Madame la présidente, madame la secrétaire d’État, mes chers collègues, comme cela a déjà été relevé, le projet de loi autorisant la ratification du traité de coopération en matière de défense entre la République française et la République du Mali doit être resitué dans une actualité et un contexte particuliers.
En effet, le Mali et ses voisins souffrent depuis de nombreuses années d’une situation économique, sociale et politique extrêmement fragile et dégradée, qui fait de l’ensemble de la région sahélo-saharienne une proie facile pour un certain nombre de groupes d’intérêts prospérant sur la misère, l’ignorance et le désespoir de populations entières.
Dernière manifestation de cette crise, tout récemment encore, les villes de Bamako, Tombouctou et Ouagadougou ont subi des attaques terroristes ayant fait plusieurs dizaines de morts.
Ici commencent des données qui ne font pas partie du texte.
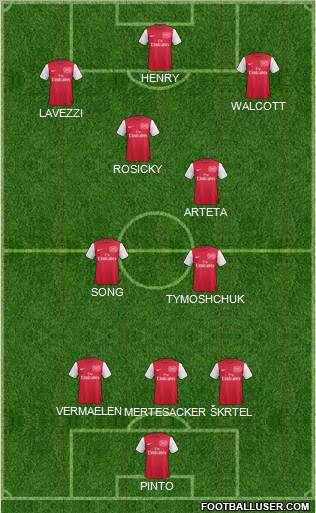 Arsenal Formation 2012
Près d’un an après le déclenchement nécessaire de l’intervention militaire de notre pays, qui a permis d’éviter la disparition de l’État malien, et après la tenue d’élections démocratiques, il était devenu nécessaire, sur le plan juridique et au regard des relations internationales, de refonder et préciser le cadre de notre coopération de défense avec le Mali.
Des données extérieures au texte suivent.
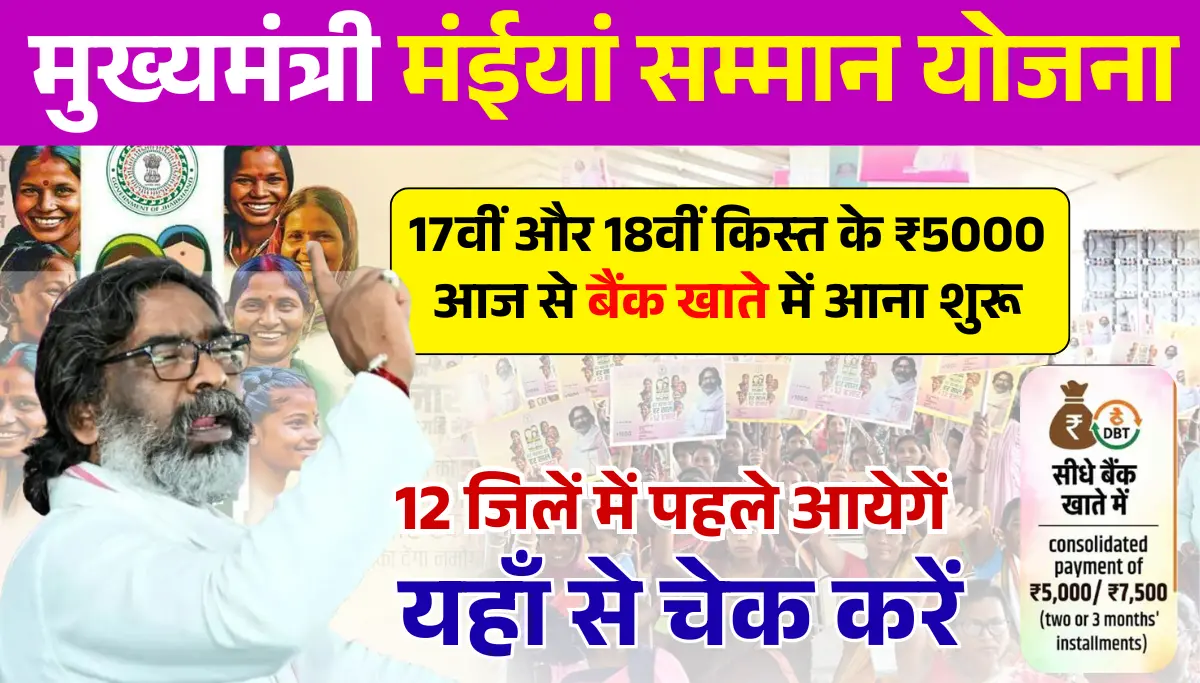 Maiya Samman Yojana Payment Status 2026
Ce traité actualise et régularise une situation de fait. Je ne conteste pas la nécessité de celui-ci, mais les membres du groupe CRC ont des réserves sur son contenu et sur sa signification.
Certes, ce traité est de même nature que d’autres accords de coopération ou de partenariat de défense conclus au cours des années précédentes avec des États africains. Mais je voudrais rappeler que nous nous sommes toujours prononcés sur ces accords, au cas par cas, en fonction de la situation particulière de chaque pays.
Dans le cas du Mali, avec cet accord strictement sécuritaire et uniquement axé sur la seule lutte contre les groupes terroristes, il manque une approche globale des problèmes posés, approche qui permettrait de comprendre que la réponse militaire est insuffisante dans le temps.
À ce propos, la stratégie de l’opération Barkhane contre les groupes armés terroristes au Mali et au Niger semble montrer ses limites. La situation politique et sécuritaire dans la région reste très fragile, en particulier au Mali, où l’on ne voit guère de progrès dans les régions du nord, principaux foyers d’instabilité.
D’autres critiques peuvent aussi porter sur les résultats difficilement perceptibles d’une opération militaire qui coûte 700 millions d’euros par an et dont on ne voit pas le terme.
Certes, les flux logistiques des groupes armés terroristes sont perturbés par l’action de nos forces, ce qui permet d’entraver leur liberté d’action et empêche la création de sanctuaires. Mais ces groupes s’adaptent eux-mêmes en pratiquant un terrorisme peu coûteux d’un point de vue militaire. En ce sens, on peut dire qu’ils conservent l’initiative en contournant nos 4 000 hommes et leur quarantaine d’aéronefs divers, y compris l’essentiel de nos drones.
L’exemple du Mali nous aurait permis de mesurer comment la politique menée par le gouvernement auquel vous appartenez, madame la secrétaire d’État, pourrait gagner en efficacité et réussir à stabiliser, sur le long terme, une région à ce point fragilisée par la pauvreté, le terrorisme et les trafics.
Ainsi, pour assurer la stabilité et la sécurité dans ce pays, il faudrait, en comparaison du coût de nos opérations militaires, consacrer beaucoup plus de moyens à l’aide publique au développement. Or ce n’est pas la politique que vous menez, puisque les crédits affectés aux infrastructures et aux investissements économiquement structurants pour le Mali sont scandaleusement insuffisants.
C’est pourquoi je regrette le temps très limité de la discussion consacrée à l’examen de ce traité.
Notre groupe avait demandé que cette demande de ratification soit mise à profit pour organiser un débat de fond sur notre coopération militaire et civile, sur la situation sécuritaire de l’Afrique en général, voire, plus largement encore, sur la façon strictement militaire dont est conduite la lutte contre le djihadisme, sans s’attaquer aux causes qui le nourrissent.
En effet, nous aurions formulé de nombreuses réserves et des critiques sur la pertinence et l’efficacité de la politique de coopération en matière de défense et de sécurité menée dans la région, sur la nature de nos relations avec les gouvernements en place ou bien encore sur l’articulation de ce type d’accords avec l’opération militaire Barkhane, qui couvre maintenant cinq pays dans la bande sahélo-saharienne.
Pour cet ensemble de raisons, notre groupe émettra une abstention critique sur ce projet de loi de ratification.